Net cash provided by operating activities for the three months ended March 31, 2011 and 2010 was $79.8 million and $147.6 million, respectively. The decrease in cash provided by operating activities was primarily due to an increase in accounts receivable resulting from an increase in oil production and a decrease in accounts payable due to payments made on outstanding invoices. This was partially offset by the increase in oil production and prices we received for our oil production.
Cash Flows from Investing Activities
We dedicate and expect to continue to dedicate a substantial portion of our capital expenditure program toward the development, production and acquisition of oil and natural gas reserves. These capital expenditures are necessary to offset inherent declines in production and proven reserves, which is typical in the capital-intensive oil and natural gas industry.
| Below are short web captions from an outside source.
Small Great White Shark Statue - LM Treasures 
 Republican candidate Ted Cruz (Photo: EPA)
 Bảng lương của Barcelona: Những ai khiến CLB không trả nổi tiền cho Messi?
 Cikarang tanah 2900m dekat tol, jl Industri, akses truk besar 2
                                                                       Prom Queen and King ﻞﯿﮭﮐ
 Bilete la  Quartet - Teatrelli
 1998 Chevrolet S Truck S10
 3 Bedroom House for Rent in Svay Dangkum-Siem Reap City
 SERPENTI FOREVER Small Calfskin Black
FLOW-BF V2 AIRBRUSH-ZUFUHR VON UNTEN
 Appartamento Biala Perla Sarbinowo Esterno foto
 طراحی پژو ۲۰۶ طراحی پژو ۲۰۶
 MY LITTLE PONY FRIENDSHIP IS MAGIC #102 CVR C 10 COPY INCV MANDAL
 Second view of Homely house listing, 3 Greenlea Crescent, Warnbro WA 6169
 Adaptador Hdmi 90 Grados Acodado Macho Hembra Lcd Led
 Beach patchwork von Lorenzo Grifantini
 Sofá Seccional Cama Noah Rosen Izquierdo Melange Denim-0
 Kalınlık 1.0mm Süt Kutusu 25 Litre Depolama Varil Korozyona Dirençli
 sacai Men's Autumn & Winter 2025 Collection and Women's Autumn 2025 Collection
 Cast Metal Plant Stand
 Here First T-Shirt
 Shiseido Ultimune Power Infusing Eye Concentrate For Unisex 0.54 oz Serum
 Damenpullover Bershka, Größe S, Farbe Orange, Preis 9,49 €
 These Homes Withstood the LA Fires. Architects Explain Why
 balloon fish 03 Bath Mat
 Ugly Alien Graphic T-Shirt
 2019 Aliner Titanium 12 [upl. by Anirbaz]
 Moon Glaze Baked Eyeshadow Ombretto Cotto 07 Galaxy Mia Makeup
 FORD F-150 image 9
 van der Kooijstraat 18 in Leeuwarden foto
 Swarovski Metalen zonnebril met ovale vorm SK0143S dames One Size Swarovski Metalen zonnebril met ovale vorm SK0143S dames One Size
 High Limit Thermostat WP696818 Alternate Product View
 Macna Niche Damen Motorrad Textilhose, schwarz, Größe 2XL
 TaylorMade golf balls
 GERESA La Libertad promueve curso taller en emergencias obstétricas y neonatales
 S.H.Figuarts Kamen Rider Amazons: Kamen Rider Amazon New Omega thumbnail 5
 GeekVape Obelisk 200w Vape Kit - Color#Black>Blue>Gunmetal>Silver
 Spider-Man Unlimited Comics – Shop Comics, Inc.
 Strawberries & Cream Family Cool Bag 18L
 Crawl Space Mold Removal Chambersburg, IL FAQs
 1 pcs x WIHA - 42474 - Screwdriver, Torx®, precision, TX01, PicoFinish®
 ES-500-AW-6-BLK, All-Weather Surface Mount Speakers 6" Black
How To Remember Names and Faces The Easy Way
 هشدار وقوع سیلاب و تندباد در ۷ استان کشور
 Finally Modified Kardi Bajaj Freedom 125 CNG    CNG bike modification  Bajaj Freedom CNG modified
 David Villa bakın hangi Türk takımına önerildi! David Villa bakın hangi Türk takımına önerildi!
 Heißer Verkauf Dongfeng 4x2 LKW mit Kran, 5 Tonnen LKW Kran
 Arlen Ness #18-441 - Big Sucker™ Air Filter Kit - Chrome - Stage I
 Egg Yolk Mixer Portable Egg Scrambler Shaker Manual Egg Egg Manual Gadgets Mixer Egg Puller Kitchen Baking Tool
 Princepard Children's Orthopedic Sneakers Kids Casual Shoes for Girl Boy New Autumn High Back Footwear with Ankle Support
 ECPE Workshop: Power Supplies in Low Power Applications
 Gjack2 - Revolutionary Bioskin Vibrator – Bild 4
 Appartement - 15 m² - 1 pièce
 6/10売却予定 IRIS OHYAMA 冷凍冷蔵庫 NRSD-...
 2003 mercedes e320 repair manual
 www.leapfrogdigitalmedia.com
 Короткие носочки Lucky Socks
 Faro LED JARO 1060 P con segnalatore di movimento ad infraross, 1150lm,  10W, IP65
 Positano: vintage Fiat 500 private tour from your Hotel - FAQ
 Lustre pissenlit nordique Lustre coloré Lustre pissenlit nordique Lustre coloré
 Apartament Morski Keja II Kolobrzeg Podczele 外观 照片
Cash flows used in investing activities increased to $271.8 million in the three-month period ended March 31, 2011 from $179.9 million in the comparable 2010 period primarily due to increased capital expenditures as a result of increased oil drilling activity in the Mid-Continent and Permian Basin areas, offset somewhat by proceeds from asset sales.
Capital Expenditures. Our capital expenditures, on an accrual basis, by segment for the three-month periods ended March 31, 2011 and 2010 are summarized below:
Three Months Ended March 31, | ||||||||
2011 | 2010 | |||||||
(In thousands) | ||||||||
Capital Expenditures | ||||||||
Exploration and production | $ | 403,087 | $ | 192,077 | ||||
Drilling and oil field services | 6,763 | 9,417 | ||||||
Midstream gas services | 4,172 | 20,422 | ||||||
Other | 6,138 | 6,665 | ||||||
Total | $ | 420,160 | $ | 228,581 | ||||
Cash Flows from Financing Activities
Our financing activities provided $194.8 million in cash for the three-month period ended March 31, 2011 compared to $27.0 million in the comparable period in 2010. Cash provided by financing activities during the three months ended March 31, 2011 was primarily comprised of $881.2 million of net proceeds from the issuance of our 7.5% Senior Notes, offset by the redemption of $614.2 million of our 8.625% Senior Notes, the premium of $28.8 million paid in connection with our tender offer for our 8.625% Senior Notes, $16.5 million of net repayments under our senior credit facility and payment of dividends on our 8.5% and 6.0% convertible perpetual preferred stock.
Indebtedness
Senior Credit Facility.The amount we may borrow under our senior credit facility is limited to a borrowing base, and is subject to periodic redeterminations. Effective March 15, 2011, the borrowing base was reduced to $790.0 million due to the issuance of our 7.5% Senior Notes. The borrowing base is determined based upon the discounted present value of future cash flows attributable to our proved reserves. Because the value of our proved reserves is a key factor in determining the amount of the borrowing base, changing commodity prices and our success in developing reserves may affect the borrowing base. Outstanding letters of credit affect the availability under the senior credit facility on a dollar-for-dollar basis.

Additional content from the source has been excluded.